Despite broad availability, properties in some flood-affected suburbs did struggle to get multiple online quotes.
In the Christchurch suburbs of Avondale and Woolston, no high-risk properties in the dataset were able to get more than one online quote. Even low-risk properties struggled, with just 10 percent of Woolston properties and no Avondale properties able to secure a second quote.
"We can see by the difference in availability between high/low risk properties and no risk properties that at least some insurers are likely using flood risk as a driver for underwriting criteria," the report authors said.
A previous monitoring report from November 2023, also released this week, noted that three out of seven insurance companies included in the monitoring appeared to be pricing to flood at an address level. "The other four do not appear to be varying prices materially to reflect localised flood risk."

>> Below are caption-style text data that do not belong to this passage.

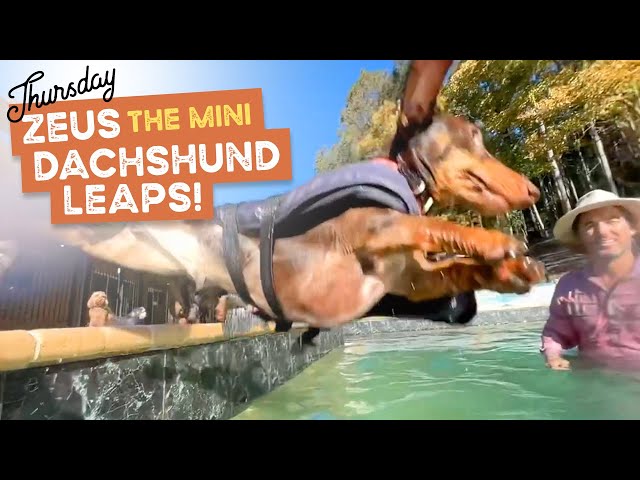 Funny Mini Dachshund Can't Stop Diving into Swimming pool! | The Farm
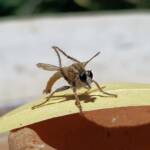 Robber Fly (genus Bathypogon, family Asilidae), Alice Springs NT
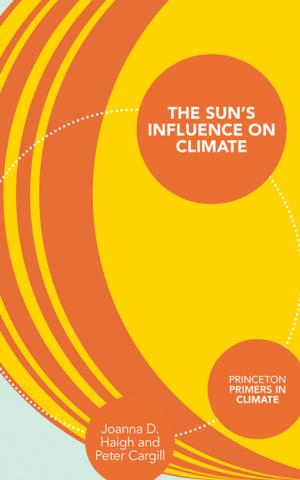 Cover of the book The Sun's Influence on Climate by Yitzhak Nakash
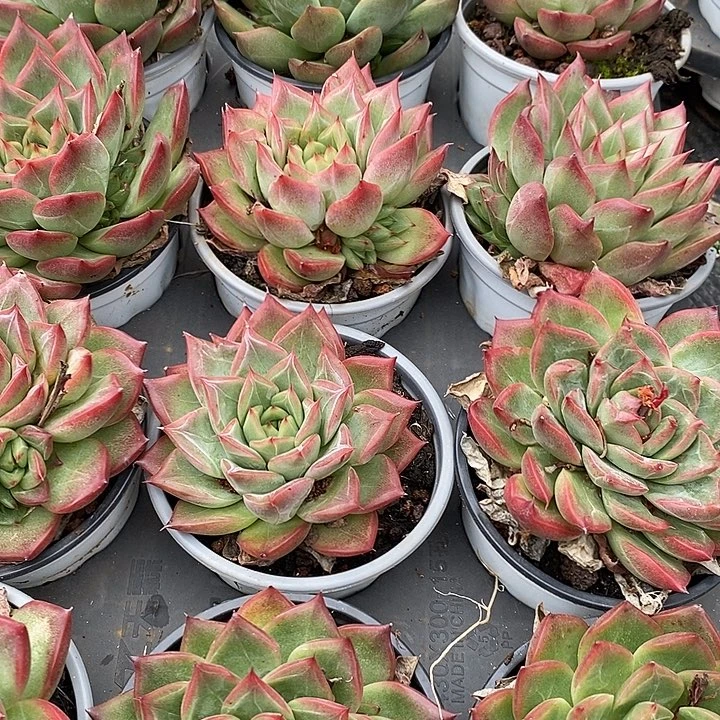 红鸾大单头福利多多去拍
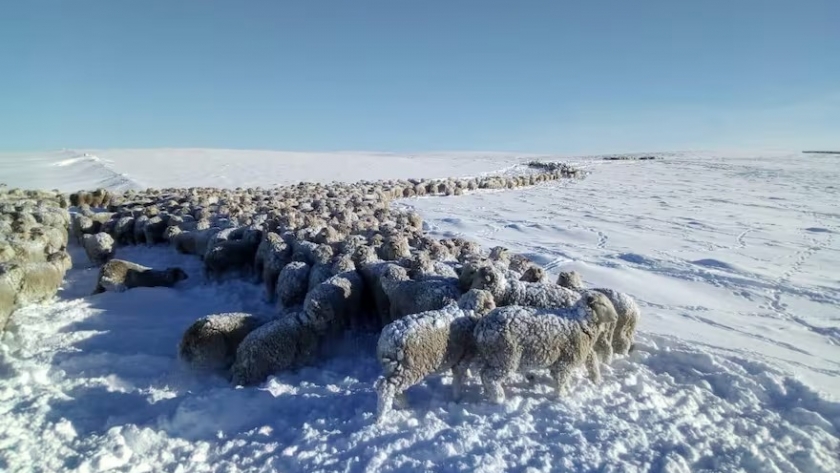 Comenzó una campaña para recibir donaciones para los productores afectados por la nieve en el sur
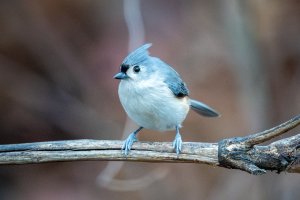 0M3A1275-Enhanced-NR.jpg 0M3A1275-Enhanced-NR.jpg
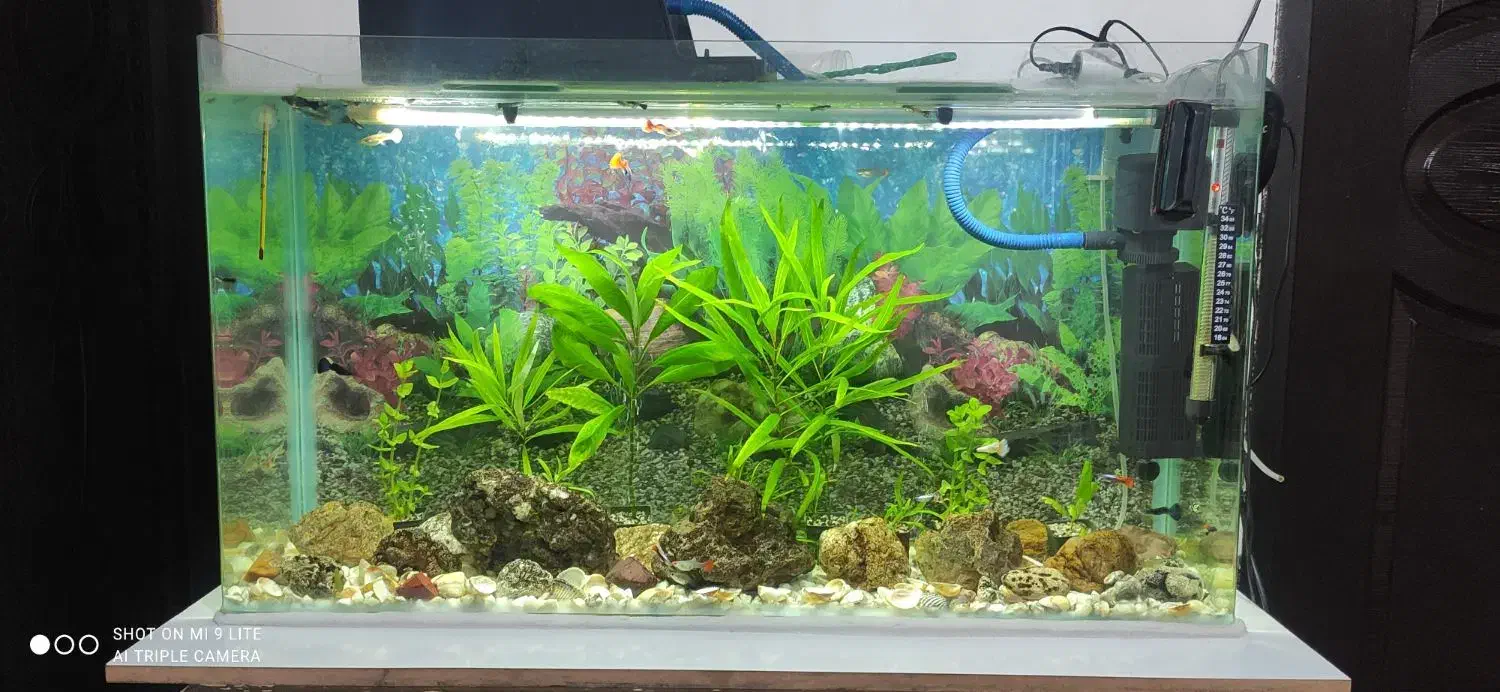 آکواریم شرکتی|ماهی|اهر, |دیوار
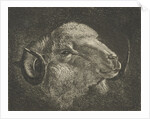 Head of a ram with twisted horns backward by Jacobus Cornelis Gaal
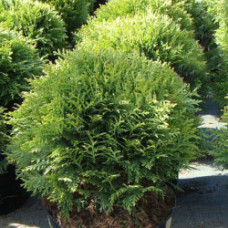 Туя западная Даника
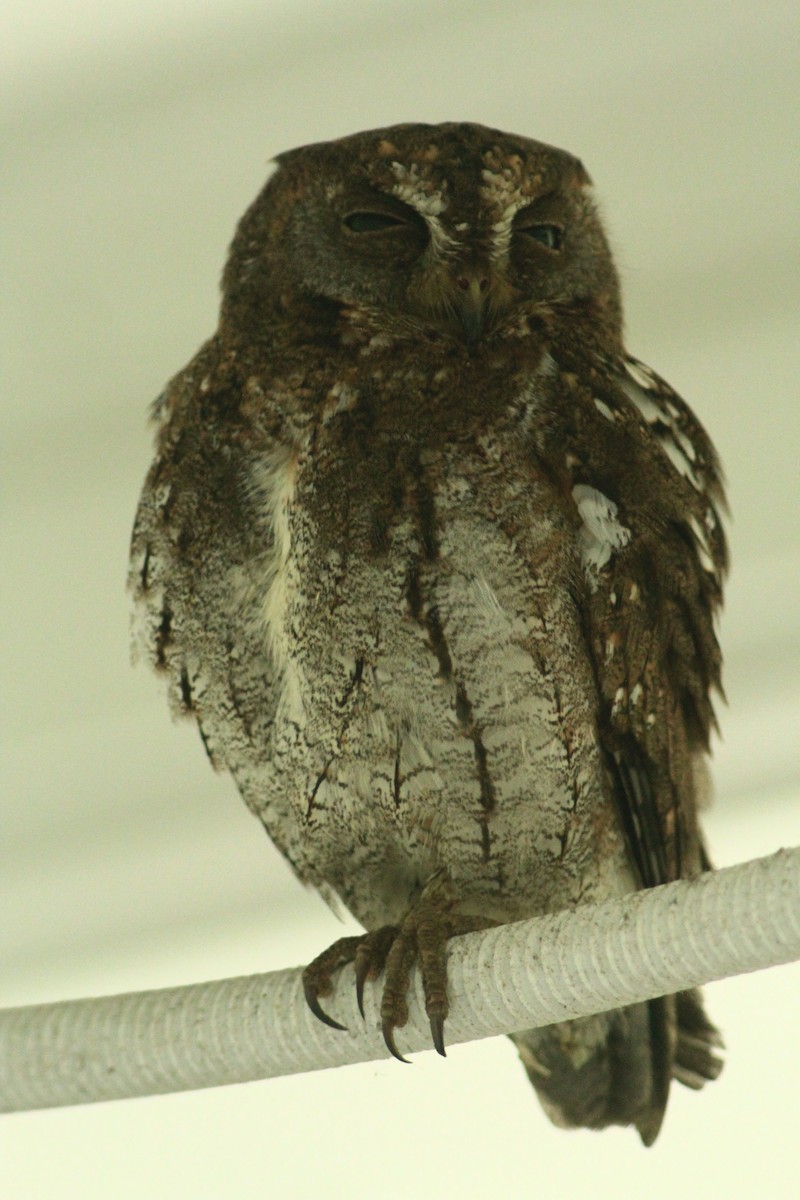 Восточная сплюшка - ML645942505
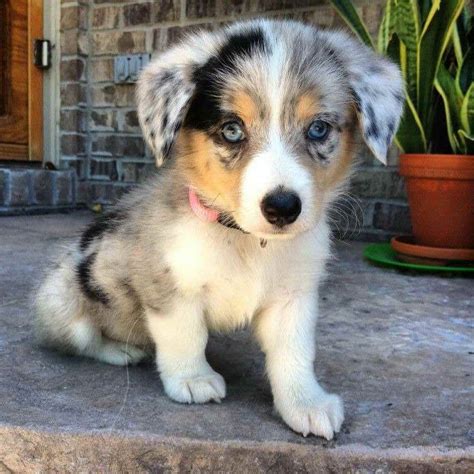 If you're considering adding an australian shepherd to your pack in the los angeles area, take our perfect puppy quiz to make sure aussies are a good fit for your lifestyle. Aussie Corgi Puppies | PETSIDI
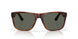 912605 - Tortoise - Gray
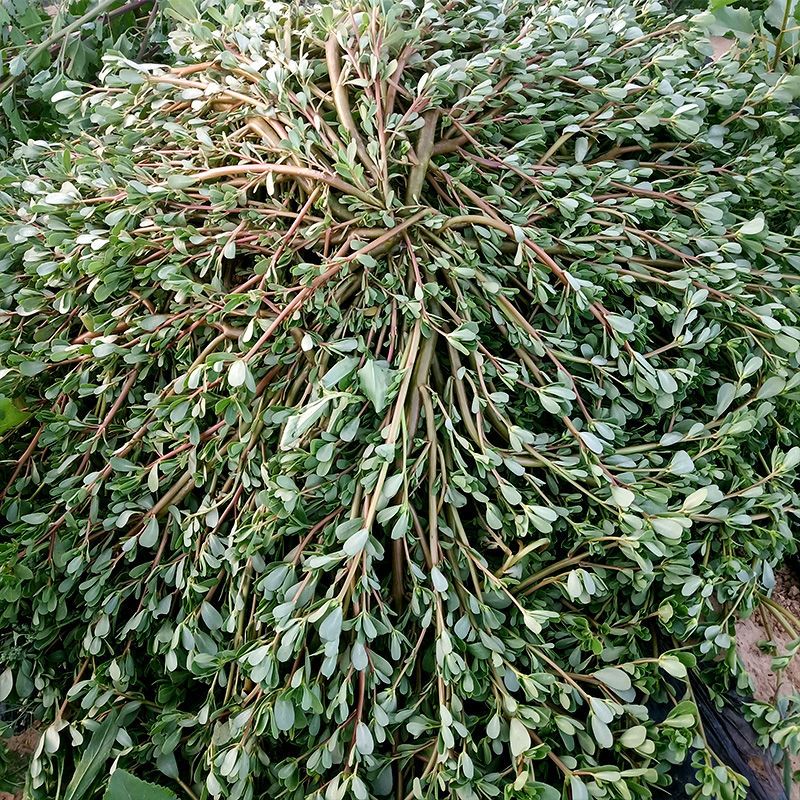 马齿苋菜现挖野生马齿菜2斤五行食用调养野菜新鲜蔬菜 马齿苋菜新鲜马苋菜野生五行草马齿苋长寿菜野菜蔬菜马蜂菜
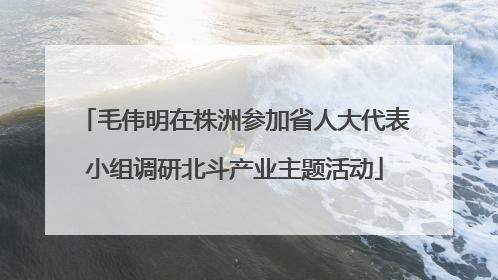 毛伟明在株洲参加省人大代表小组调研北斗产业主题活动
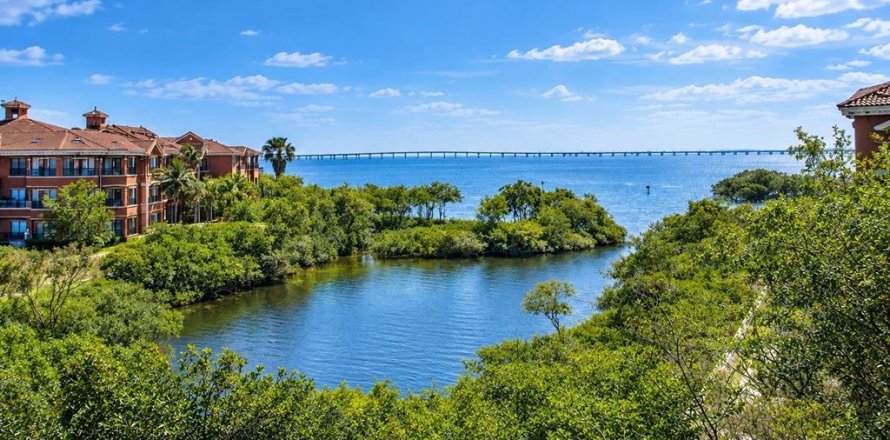 Condo in Clearwater, Florida, 4 bedrooms  № 2379469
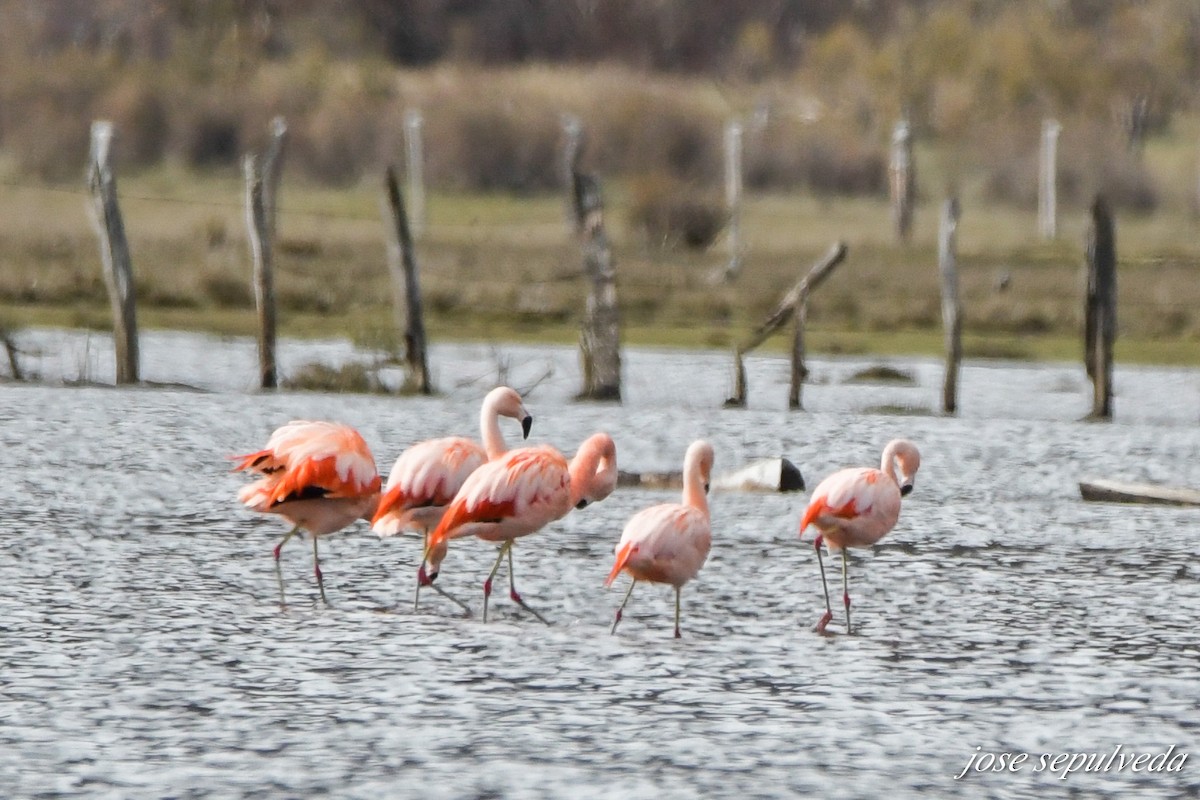 Chilean Flamingo - ML598024681
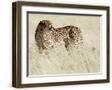 Brown Frame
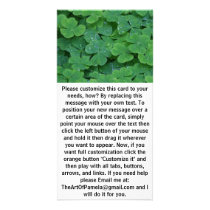 Fresh Clover Green Leafs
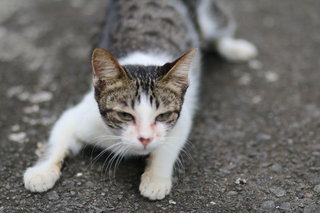 Mocha - Domestic Short Hair Cat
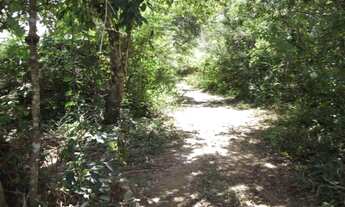 Imagem: Linda chácara de 2.500 m², com nascente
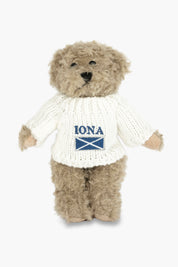 Teddy Bear with Iona Jumper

Suburbs that had high seismic risk as well as high flooding risk had the lowest availability, the report said.
Overall premiums have also increased by sometimes thousands of dollars since monitoring first began in September 2022, prior to Cyclone Gabrielle.
Nationally, the average cheapest online quote for the properties in April was $1839, an annual increase of 15 percent, and up 29 percent since monitoring began.
Canterbury (28.5 percent), Tasman (23 percent) and the West Coast (22.5 percent) experienced the biggest annual increases.
Insurance Council chief executive Kris Faafoi said premiums "tend to trend upwards after large scale natural events such as last year's Auckland Anniversary Weekend flooding and Cyclone Gabrielle".
"We are still seeing the effects of that reflected in Finity's data. Some of those pressures are now easing with construction inflation and reinsurance rates stabilising which are flowing through into premium levels."
Climate change researchers have warned that insurers could start to withdraw from some communities at high risk from extreme weather events by the end of the next decade.
Research published in 2020 by the Climate Sigma group, looking at just the main centres, projected that 10,000 coastal homes would face full insurance retreat - where insurance is either not available at all or becomes prohibitively expensive - by 2050.
Faafoi said a shift towards risk-based pricing meant insurers could continue to offer coverage "while appropriately pricing the risk on lives and property".
The Insurance Council, major insurers, and councils have all urged successive governments to come up with a national climate adaptation plan that will spell out how to protect or even move at-risk communities out of harm's way.
Parliament's finance and expenditure committee is currently hearing submissions as part of a cross-party inquiry into climate adaptation.
Faafoi said the insurance sector supported nationwide efforts to improve resilience,
"It will require many sectors, councils and the government to step up and meet the challenges facing Kiwis, communities and regions dealing with the prospect of more frequent and severe natural disasters," he said.
"A NZ Inc approach with all parties working together provides the best chance of successfully investing in mitigation and adaptation measures and sends the right signals to reinsurers that New Zealand is reducing risk and help ensure insurance is affordable and accessible."
The cross-party inquiry will report back in September and its recommendations will be used to help develop legislation to be introduced in early 2025.